By: Steve Smith
The lesson of the week for me is that I must keep trades on a tighter time frame — be it winners like McDonald’s (MCD) where Options360 Service bagged a 41% gain in under a week or a loser like Stone Capital (STNE) that was closed after just one day.
Both positions still had time remaining. MCD had some flexibility for two more weekly rolls to bring in additional income while STNE had over a month to see if the stock could recover. However, the trade parameters were met in both cases. MCD moved above the $220 level, and the stop-loss level was violated in STNE. A disciplined approach to trading dictated that I close out the positions.
In the past, I may have tried to milk additional gains from MCD or hedge STNE and hope for a bounce (the stock has continued to sink sparing us additional losses). However, years of experience have taught me to stick with the game plan, otherwise, what’s the point of having any plan at all?
Another reason I’m hewing to closing positions even with time remaining and them working in our favor, such as last week’s winners in Mosaic (MOS) and Pulte (PHM), is because the current market environment is one of large daily moves and swift reversals. When the majority of a position’s profit potential has been achieved its best to secure the profit rather than overstay your welcome and risk giving back the gains.

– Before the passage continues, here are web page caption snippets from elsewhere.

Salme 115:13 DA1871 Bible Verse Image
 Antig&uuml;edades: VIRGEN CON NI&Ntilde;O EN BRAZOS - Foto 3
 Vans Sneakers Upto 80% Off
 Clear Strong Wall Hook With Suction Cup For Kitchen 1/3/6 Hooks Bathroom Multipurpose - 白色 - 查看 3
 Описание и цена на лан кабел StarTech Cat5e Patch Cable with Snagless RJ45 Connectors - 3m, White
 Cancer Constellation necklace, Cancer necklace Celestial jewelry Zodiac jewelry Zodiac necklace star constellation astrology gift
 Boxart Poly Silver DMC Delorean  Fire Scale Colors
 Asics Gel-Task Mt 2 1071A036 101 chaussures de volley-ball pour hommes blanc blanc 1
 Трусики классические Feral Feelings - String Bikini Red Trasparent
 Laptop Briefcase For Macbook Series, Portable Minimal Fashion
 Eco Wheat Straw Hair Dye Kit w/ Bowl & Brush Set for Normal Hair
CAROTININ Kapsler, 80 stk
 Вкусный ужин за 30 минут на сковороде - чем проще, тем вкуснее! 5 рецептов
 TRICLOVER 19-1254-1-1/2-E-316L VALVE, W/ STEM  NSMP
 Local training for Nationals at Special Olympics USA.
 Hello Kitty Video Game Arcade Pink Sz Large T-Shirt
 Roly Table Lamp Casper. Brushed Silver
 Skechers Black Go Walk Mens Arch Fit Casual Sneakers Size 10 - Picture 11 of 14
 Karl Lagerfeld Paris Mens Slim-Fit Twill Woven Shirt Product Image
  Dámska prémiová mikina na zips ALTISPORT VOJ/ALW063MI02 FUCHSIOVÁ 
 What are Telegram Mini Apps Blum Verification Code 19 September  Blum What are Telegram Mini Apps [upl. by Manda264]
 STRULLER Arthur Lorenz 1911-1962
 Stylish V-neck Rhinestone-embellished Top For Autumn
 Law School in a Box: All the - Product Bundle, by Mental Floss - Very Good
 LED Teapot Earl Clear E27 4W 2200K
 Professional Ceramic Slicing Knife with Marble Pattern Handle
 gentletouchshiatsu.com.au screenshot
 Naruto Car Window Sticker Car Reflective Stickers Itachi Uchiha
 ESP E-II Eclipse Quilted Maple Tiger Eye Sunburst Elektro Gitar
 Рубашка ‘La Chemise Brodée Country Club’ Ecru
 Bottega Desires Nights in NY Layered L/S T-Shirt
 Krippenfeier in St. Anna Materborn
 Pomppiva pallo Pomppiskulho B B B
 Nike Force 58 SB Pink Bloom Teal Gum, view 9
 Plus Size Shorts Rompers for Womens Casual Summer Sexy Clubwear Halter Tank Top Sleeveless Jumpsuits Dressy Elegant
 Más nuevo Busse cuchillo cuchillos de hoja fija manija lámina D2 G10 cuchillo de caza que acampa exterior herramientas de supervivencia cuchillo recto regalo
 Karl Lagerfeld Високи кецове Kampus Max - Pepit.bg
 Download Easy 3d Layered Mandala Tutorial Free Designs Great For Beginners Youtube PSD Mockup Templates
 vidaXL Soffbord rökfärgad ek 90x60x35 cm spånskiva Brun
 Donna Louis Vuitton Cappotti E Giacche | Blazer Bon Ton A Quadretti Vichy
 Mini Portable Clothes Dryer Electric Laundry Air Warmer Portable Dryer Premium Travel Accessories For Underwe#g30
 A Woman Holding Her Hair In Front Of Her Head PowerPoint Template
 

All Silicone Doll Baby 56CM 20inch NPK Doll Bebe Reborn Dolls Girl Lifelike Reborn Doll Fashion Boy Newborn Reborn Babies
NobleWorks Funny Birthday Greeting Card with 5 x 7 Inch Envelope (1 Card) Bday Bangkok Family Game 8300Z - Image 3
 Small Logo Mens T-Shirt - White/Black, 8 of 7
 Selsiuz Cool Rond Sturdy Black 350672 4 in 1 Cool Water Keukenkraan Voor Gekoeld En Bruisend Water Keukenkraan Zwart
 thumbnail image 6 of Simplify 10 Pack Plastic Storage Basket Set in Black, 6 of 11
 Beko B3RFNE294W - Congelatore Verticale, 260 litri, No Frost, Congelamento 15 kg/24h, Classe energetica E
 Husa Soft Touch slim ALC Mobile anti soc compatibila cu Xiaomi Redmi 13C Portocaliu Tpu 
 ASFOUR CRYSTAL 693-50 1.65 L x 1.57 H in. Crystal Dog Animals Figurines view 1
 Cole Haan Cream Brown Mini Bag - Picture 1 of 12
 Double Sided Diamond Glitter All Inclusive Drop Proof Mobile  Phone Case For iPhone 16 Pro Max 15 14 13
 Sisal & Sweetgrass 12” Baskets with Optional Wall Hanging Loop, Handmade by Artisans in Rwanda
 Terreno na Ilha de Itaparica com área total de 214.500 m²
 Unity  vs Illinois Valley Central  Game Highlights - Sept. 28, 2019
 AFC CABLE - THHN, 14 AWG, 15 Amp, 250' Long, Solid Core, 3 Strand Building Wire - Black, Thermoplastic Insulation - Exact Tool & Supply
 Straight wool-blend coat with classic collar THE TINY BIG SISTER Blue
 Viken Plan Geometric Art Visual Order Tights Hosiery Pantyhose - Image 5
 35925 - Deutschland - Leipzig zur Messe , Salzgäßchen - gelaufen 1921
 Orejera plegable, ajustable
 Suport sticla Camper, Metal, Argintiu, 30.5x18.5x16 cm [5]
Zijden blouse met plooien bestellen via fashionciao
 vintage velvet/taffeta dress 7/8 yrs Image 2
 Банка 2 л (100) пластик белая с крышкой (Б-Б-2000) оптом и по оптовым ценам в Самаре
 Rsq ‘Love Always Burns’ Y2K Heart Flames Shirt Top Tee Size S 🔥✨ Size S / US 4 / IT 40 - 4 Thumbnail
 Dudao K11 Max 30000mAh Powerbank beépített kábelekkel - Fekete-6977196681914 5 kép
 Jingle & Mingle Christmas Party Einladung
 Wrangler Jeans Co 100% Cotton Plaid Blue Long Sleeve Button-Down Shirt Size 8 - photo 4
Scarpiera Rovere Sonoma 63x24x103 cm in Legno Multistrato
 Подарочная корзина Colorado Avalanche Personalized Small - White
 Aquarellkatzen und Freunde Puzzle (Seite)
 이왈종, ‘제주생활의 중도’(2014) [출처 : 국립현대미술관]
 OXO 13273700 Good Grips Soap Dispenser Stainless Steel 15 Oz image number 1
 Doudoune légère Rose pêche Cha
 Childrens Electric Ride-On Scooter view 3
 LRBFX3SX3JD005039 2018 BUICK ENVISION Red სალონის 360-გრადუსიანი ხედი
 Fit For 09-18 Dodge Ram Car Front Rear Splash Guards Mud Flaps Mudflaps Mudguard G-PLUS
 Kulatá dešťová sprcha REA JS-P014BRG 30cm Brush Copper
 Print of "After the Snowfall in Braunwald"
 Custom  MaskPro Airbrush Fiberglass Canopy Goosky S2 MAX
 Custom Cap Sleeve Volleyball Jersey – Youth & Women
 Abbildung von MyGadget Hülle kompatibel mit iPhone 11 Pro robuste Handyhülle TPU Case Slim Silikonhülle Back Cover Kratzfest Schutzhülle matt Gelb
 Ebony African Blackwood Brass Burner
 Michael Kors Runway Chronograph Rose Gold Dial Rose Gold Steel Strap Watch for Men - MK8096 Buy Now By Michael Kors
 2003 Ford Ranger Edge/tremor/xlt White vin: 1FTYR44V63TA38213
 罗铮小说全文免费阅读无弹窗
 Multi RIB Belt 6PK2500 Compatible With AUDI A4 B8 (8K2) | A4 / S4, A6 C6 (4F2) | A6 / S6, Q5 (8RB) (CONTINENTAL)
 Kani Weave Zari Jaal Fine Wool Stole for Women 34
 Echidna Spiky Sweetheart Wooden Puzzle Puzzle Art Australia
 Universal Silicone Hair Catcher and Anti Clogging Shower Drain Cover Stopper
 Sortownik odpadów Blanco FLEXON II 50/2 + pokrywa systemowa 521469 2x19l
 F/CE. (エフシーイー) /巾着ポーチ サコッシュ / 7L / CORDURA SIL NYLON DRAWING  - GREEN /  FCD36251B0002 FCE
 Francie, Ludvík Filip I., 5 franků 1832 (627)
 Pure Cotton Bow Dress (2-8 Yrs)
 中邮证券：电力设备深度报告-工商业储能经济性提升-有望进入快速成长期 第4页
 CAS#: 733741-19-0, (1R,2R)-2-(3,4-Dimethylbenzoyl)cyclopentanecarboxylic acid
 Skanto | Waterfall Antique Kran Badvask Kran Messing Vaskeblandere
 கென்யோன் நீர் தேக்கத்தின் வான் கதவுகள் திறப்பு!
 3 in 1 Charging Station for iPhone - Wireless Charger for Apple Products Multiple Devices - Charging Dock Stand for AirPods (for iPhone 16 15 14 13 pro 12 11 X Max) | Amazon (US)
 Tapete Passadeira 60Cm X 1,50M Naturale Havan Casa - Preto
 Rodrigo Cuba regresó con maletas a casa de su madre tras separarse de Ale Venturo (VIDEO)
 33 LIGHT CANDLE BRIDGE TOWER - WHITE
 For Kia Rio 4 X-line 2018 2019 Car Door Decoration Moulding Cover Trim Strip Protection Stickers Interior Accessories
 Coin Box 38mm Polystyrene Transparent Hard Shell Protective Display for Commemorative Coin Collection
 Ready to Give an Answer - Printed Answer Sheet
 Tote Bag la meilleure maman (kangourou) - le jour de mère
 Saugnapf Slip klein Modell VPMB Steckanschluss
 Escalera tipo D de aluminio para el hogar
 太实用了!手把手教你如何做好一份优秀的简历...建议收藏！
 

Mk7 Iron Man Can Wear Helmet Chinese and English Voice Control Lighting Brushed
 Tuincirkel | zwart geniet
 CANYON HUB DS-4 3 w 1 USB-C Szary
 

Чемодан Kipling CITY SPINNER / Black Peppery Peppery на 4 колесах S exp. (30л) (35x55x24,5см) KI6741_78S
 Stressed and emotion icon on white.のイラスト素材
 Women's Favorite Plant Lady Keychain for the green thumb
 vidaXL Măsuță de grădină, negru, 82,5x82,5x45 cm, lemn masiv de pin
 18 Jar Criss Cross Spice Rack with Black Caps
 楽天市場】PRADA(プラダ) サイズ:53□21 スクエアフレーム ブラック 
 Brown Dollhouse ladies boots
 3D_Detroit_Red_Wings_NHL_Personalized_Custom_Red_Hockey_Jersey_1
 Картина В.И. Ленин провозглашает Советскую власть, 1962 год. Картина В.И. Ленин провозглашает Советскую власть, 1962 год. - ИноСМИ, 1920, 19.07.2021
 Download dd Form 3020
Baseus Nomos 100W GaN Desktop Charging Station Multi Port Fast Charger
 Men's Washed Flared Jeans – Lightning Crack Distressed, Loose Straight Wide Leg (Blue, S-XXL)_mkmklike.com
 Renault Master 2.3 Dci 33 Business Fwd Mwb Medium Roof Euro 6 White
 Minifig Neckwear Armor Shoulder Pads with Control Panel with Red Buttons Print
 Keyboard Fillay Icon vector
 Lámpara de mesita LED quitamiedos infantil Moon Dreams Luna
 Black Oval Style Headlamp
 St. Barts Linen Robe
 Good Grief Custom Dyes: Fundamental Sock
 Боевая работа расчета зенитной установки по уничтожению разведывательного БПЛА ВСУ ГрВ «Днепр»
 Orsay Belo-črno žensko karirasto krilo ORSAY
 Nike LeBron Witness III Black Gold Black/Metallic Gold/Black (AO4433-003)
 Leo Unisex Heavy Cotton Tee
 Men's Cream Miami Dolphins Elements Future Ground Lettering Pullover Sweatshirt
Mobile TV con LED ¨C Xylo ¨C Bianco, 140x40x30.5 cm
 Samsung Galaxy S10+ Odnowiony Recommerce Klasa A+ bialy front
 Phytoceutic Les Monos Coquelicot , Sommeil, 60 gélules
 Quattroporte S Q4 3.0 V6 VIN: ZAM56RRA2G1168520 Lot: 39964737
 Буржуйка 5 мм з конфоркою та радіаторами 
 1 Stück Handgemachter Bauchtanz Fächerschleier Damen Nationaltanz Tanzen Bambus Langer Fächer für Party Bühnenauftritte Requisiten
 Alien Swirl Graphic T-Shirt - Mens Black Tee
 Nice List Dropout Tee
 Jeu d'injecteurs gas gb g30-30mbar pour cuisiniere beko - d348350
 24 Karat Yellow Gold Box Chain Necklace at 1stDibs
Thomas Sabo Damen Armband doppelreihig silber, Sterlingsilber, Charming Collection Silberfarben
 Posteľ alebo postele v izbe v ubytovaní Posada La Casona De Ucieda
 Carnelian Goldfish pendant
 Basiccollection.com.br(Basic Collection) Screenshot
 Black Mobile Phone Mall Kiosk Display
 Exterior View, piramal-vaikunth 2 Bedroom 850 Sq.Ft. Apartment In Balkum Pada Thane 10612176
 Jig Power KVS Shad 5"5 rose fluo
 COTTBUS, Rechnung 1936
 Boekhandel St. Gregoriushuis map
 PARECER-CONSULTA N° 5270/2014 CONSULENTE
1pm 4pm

Similarly, today the Options360 portfolio closed our bullish ratio spread in MetroMile (MILE) today despite another 4 weeks remaining until expiration. This was less about having hit a predetermined target but rather the Options360 had a 46% gain and I made a judgment that MILE and the market were losing momentum.
These large day-to-day moves and quick reversals also have me structuring trades with shorter time frames. Case in point, yesterday I established a new bullish diagonal in Costco (COST) where the long call I purchased has only three weeks until the April 9 expiration.
In a less volatile market environment, I’d typically initiate the long leg of a diagonal with six to eight weeks until expiration. However, I’m currently putting the emphasis on profiting from a directional movement or capital appreciation rather than income generated by the process of ‘rolling’ the short leg.